Docs/perf best practices update #7586

dvryaboy · 2024-03-20T21:51:15Z

Closes #(Insert issue number closed by this PR)

Change Description

Adds some more details to perf tips regarding reading directly from the backing object store, based on conversation in Slack [1][2]

docs/understand/performance-best-practices.md

itaiad200

Thanks for the awesome contribution! Our performance guidelines definitely has room for improvements. Few comments:

I don't think Fuse examples are relevant in this doc.
Should import really go under "Operate directly on the storage"? I'll let @talSofer to decide.

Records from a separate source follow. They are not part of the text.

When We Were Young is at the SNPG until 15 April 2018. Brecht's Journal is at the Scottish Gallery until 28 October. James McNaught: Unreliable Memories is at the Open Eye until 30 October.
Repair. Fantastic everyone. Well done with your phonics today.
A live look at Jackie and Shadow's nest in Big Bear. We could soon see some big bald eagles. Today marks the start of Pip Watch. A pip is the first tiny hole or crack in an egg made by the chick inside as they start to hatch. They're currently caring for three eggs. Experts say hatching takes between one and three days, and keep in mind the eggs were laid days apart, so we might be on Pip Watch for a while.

itaiad200 · 2024-04-07T12:26:47Z

docs/understand/performance-best-practices.md

-lakeFS offers multiple ways to do that:
+lakeFS offers multiple ways to do that.
+
+### Use zero-copy import


I'm not sure that this is the appropriate location for this section. For example, I could import data to lakeFS and then read it directly from lakeFS. So that flow isn't "operating directly on the object store"

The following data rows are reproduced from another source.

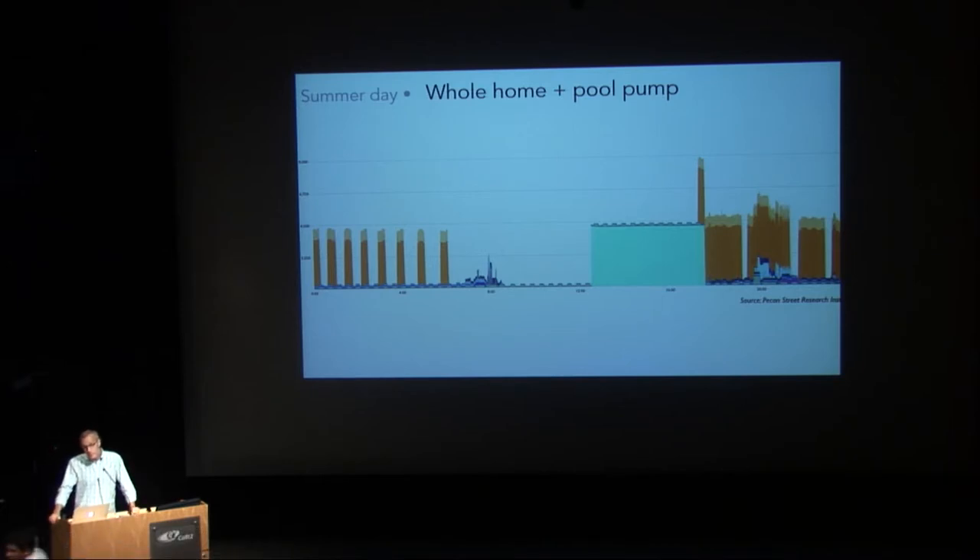In Q&A: a question arose about whether television use might change seasonally. The response was that within modest bounds it might — specific demographic subsets like families where a parent is home during summer with kids could show some seasonal variation — but as a general matter most people's work patterns don't change meaningfully during the year, meaning their behavior patterns don't either, though there are no blanket statements in customer behavior.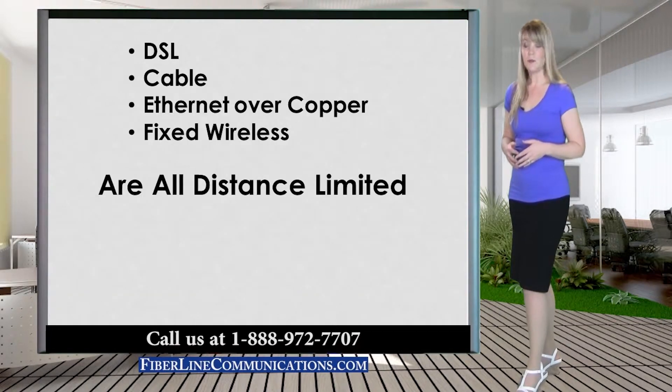Customers that most benefit from Fractional T1 are those who cannot be reached by DSL, cable or Ethernet service, need symmetrical bandwidth that is more reliable than fixed wireless, and do not need more than 512k of bandwidth. As mentioned earlier, if more than 512k of bandwidth is needed, full T1 usually provides better value.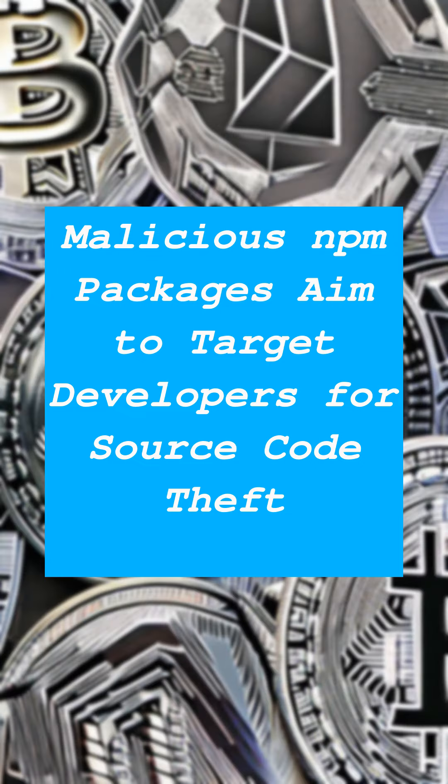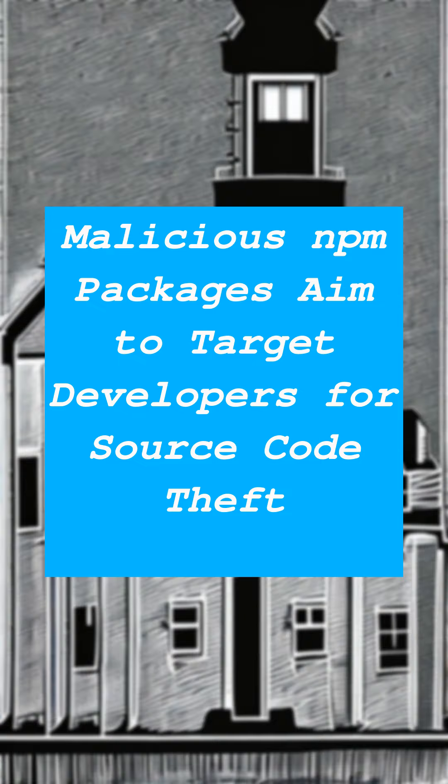The packages, by design, are configured to execute immediately post-installation. According to security researcher Yehuda Gal, the cryptocurrency sector remains a hot target.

+1, The zero-copy import section talks about how to regularly feed data into lakeFS rather than how to interact with data already managed by lakeFS.

How would you prefer to organize this information?

The existing flow makes sense to me but I'm not dead set on it.

The reason it makes sense to me is that when I looked at the LakeFS architecture diagram, the first question in my mind was "how do I bypass the lakefs service for bulk operations on data", as that's the obvious bottleneck assuming the object storage is S3 or similar. This then leads to 3 questions, which are addressed in this section:

If I have data already in S3, how do I make LakeFS aware of it without re-copying? Answer: use zero-copy writes / imports . (This is where DVC fell out of our evaluation, btw...)

If I already have a large dataset in LakeFS, how do I add new data? 2 answers: another zero copy import is fine, or write by performing metadata operations in lakefs and writing directly to storage

How do I do efficient, scaleable reads? Answer: get the urls from the metadata service, talk to S3/GCS directly using the urls.

And the fuse stuff got in here because the follow up to the third question is, what if I am not writing my own reader, but rather using fuse to mount a bucket - does this mean I'm SOL for using LakeFS at all, and if not, do all the reads go through the slow way, streaming data through the LakeFS service? And the answer to that is also no, LakeFS thought of that, it's all done via symlinks and you can read directly from the storage.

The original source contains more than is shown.